[Short text fragments from websites]
= Beginning of Section =

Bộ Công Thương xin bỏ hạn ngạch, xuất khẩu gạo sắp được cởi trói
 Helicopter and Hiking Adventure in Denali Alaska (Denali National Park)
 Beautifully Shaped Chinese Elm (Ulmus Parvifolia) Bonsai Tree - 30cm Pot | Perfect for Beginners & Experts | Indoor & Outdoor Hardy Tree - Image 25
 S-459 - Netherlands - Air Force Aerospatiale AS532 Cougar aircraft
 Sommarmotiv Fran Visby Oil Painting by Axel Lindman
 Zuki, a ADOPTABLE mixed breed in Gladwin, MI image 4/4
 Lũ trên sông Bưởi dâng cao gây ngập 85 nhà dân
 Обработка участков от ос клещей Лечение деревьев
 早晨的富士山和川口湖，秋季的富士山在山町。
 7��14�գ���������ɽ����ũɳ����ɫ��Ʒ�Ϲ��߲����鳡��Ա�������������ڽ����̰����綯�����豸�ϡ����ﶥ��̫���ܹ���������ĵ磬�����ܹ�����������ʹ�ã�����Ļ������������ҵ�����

= End of Section =

> [TASK REQUIREMENTS]:
What is needed is an exact repetition of the lines from the first line of the records through the line containing "Beautifully Shaped Chinese", both ends included, and nothing more.

> [SOLUTION BELOW]:
Bộ Công Thương xin bỏ hạn ngạch, xuất khẩu gạo sắp được cởi trói
 Helicopter and Hiking Adventure in Denali Alaska (Denali National Park)
 Beautifully Shaped Chinese Elm (Ulmus Parvifolia) Bonsai Tree - 30cm Pot | Perfect for Beginners & Experts | Indoor & Outdoor Hardy Tree - Image 25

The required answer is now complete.